• Entries provided:
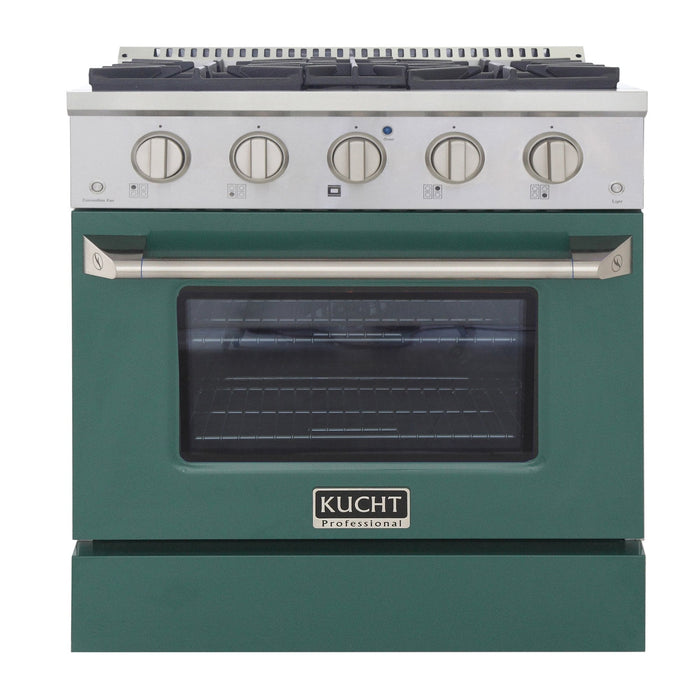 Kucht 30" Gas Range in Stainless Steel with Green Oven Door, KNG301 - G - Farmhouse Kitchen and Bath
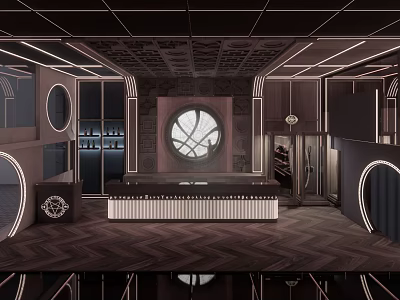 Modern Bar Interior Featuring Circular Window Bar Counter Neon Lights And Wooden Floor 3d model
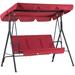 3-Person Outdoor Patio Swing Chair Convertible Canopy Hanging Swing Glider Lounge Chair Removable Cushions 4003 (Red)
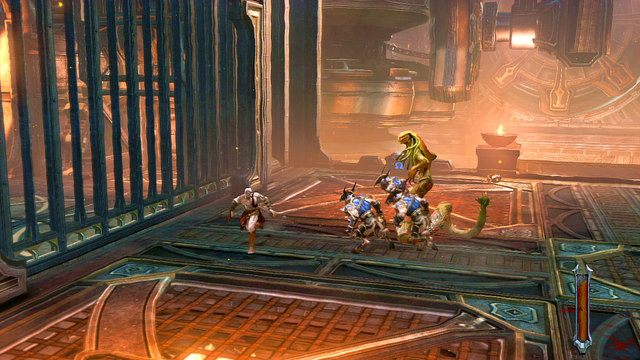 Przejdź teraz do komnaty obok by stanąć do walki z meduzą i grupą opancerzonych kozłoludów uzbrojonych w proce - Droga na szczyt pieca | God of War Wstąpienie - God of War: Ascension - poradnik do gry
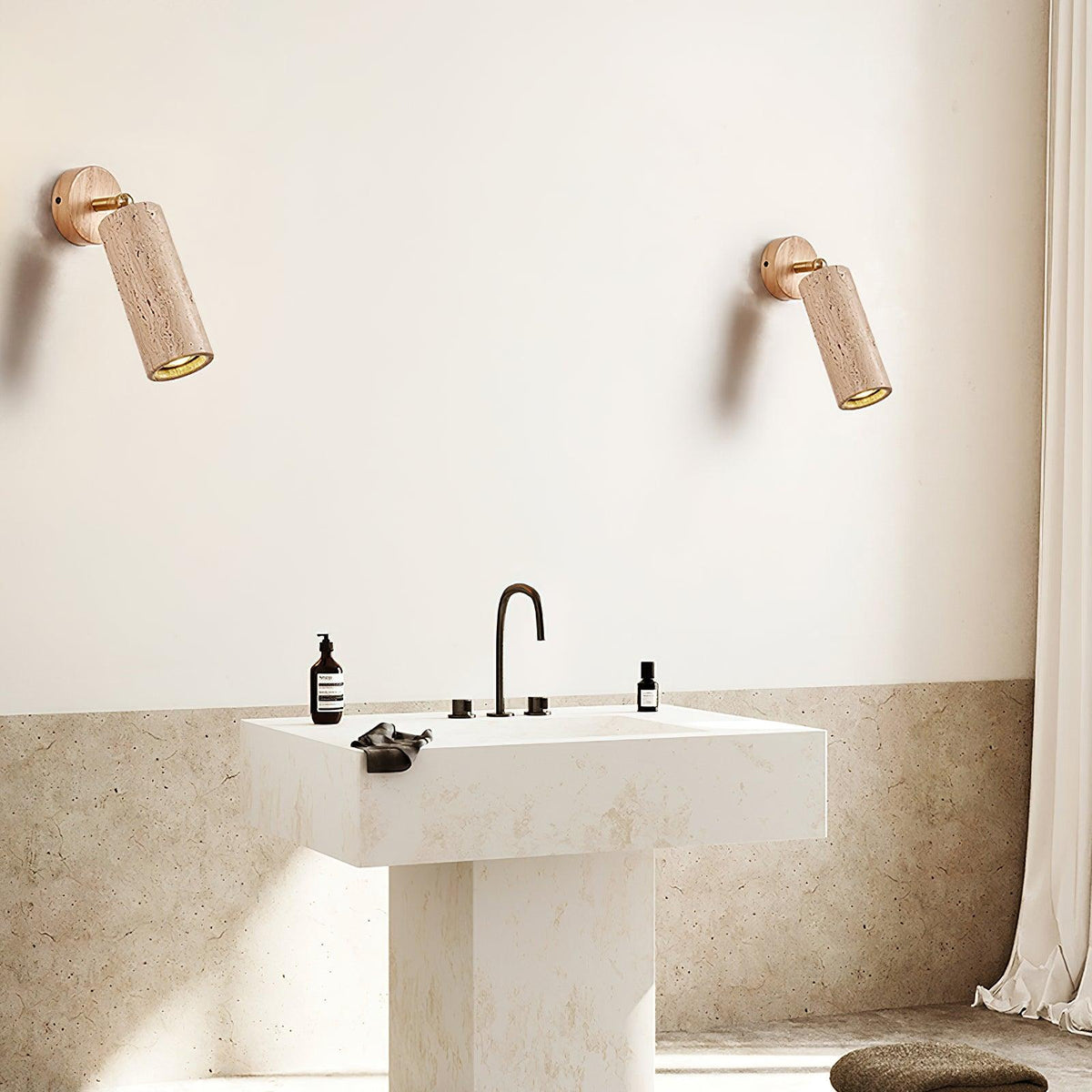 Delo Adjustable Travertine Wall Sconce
* * *
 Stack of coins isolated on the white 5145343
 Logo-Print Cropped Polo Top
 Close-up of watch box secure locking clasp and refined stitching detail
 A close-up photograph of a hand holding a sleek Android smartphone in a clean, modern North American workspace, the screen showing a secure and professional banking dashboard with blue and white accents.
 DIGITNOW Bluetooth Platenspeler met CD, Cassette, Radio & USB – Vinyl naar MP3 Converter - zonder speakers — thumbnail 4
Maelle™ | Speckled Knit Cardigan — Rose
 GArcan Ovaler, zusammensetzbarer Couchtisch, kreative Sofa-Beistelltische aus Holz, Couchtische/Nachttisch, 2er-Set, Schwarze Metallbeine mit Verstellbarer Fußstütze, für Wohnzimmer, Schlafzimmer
* * *
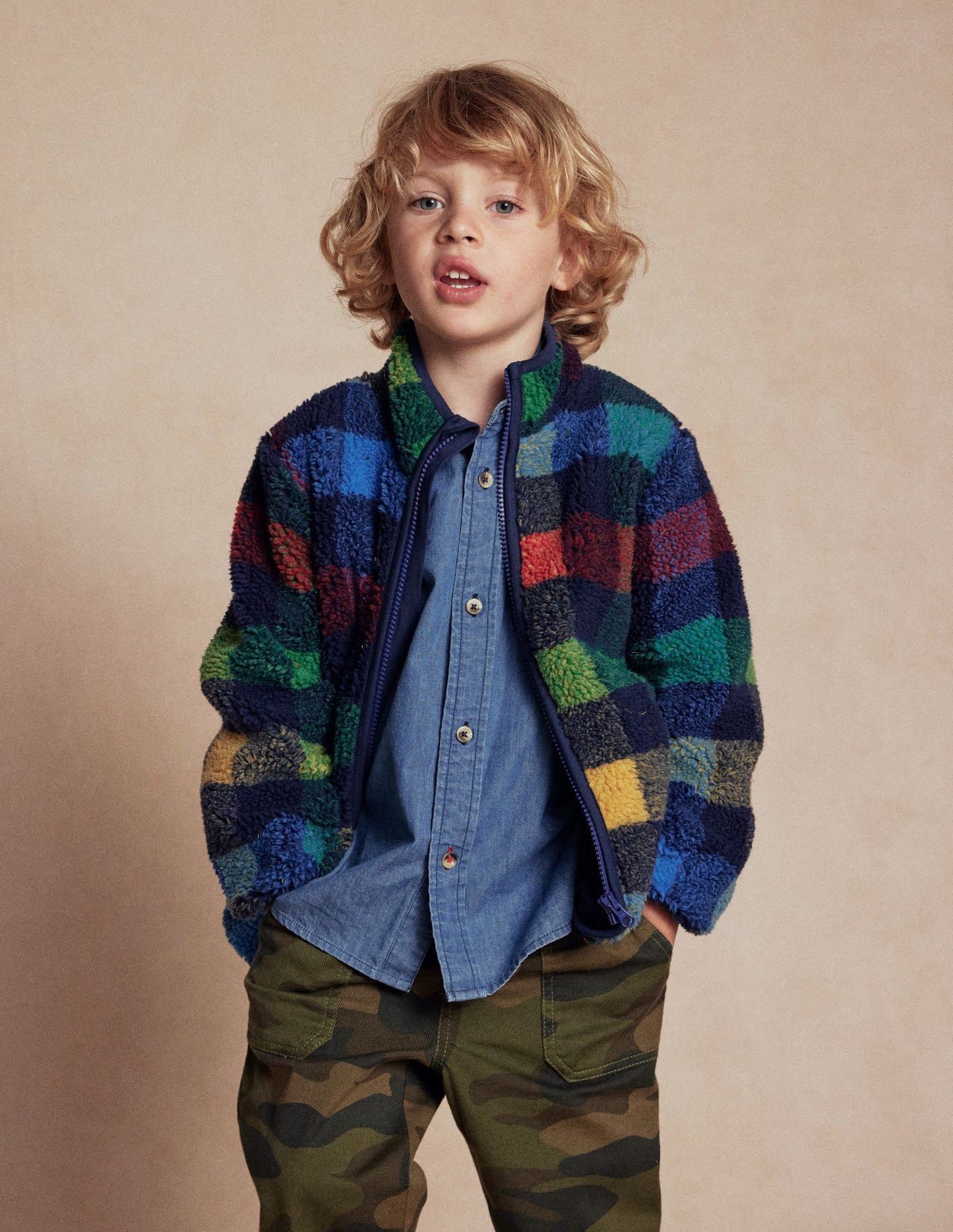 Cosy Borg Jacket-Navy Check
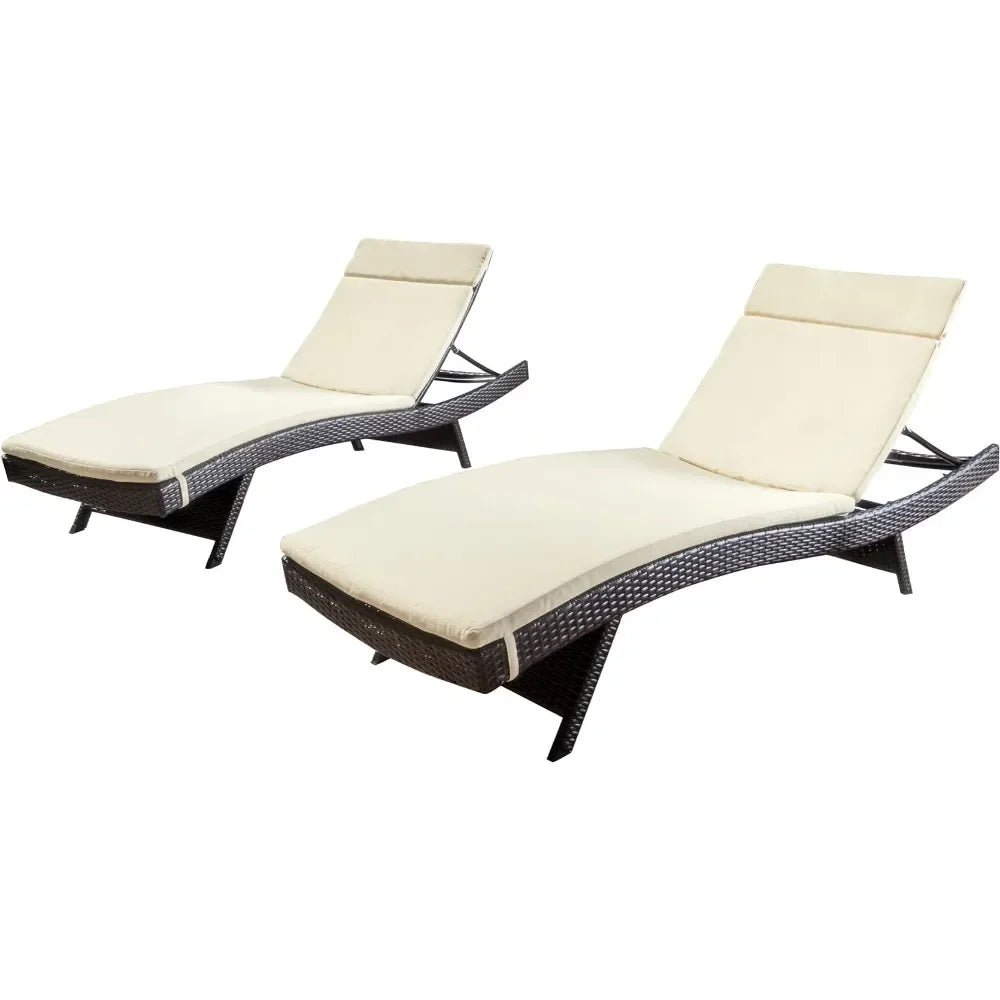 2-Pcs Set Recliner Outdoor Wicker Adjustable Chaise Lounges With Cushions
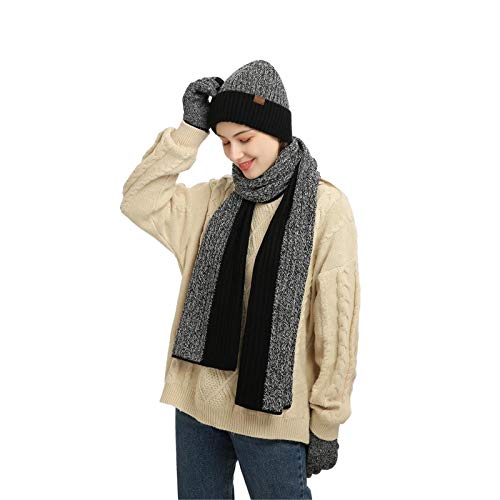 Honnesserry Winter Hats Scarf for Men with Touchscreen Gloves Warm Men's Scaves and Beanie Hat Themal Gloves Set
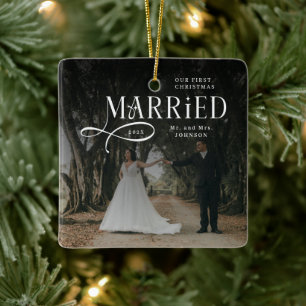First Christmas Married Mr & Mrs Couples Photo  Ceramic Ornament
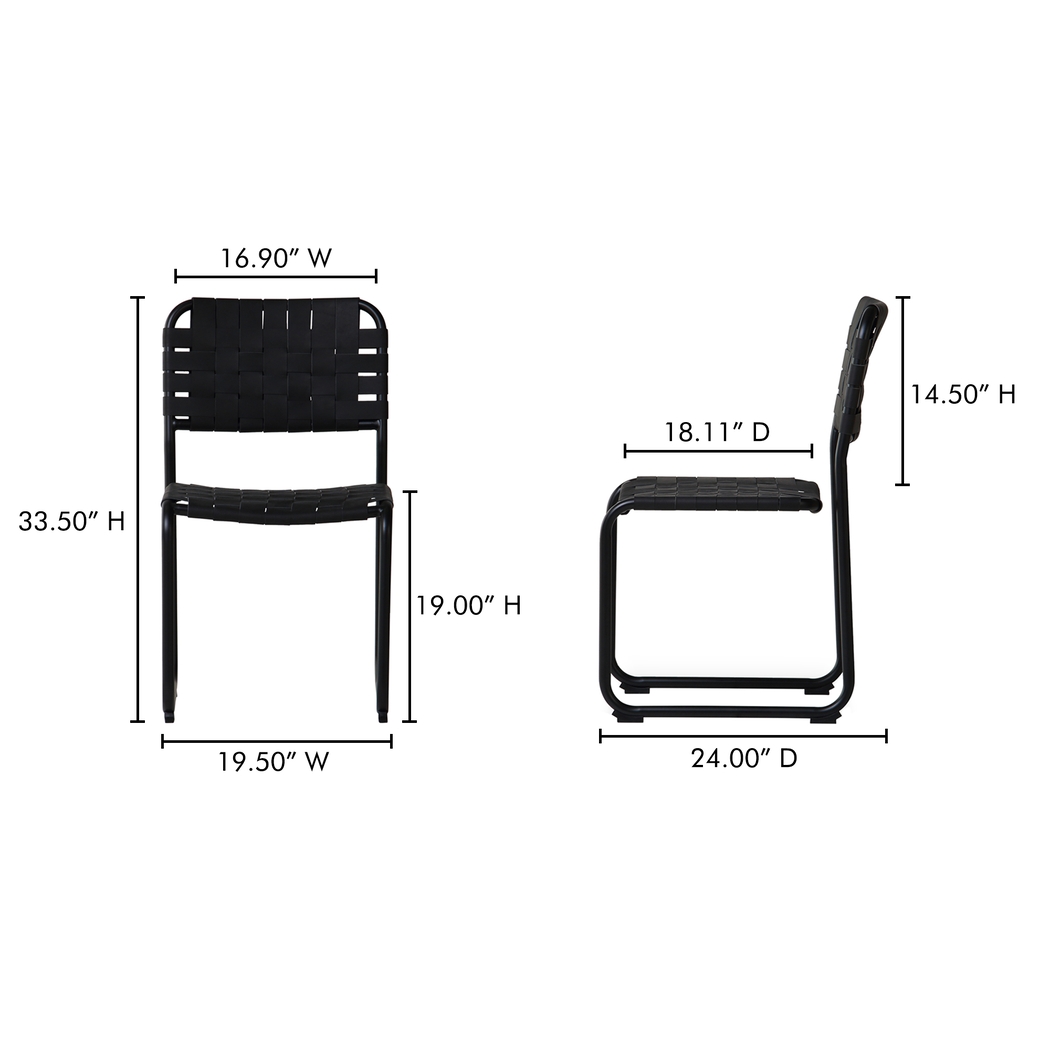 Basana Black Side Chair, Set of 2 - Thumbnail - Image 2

• Work to be completed: After locating the line with "Stack of coins isolated on the white 5145343" above, return that line and every later line through the one with "GArcan Ovaler, zusammensetzbarer", word for word and with nothing else.

• Answer space:
 Stack of coins isolated on the white 5145343
 Logo-Print Cropped Polo Top
 Close-up of watch box secure locking clasp and refined stitching detail
 A close-up photograph of a hand holding a sleek Android smartphone in a clean, modern North American workspace, the screen showing a secure and professional banking dashboard with blue and white accents.
 DIGITNOW Bluetooth Platenspeler met CD, Cassette, Radio & USB – Vinyl naar MP3 Converter - zonder speakers — thumbnail 4
Maelle™ | Speckled Knit Cardigan — Rose
 GArcan Ovaler, zusammensetzbarer Couchtisch, kreative Sofa-Beistelltische aus Holz, Couchtische/Nachttisch, 2er-Set, Schwarze Metallbeine mit Verstellbarer Fußstütze, für Wohnzimmer, Schlafzimmer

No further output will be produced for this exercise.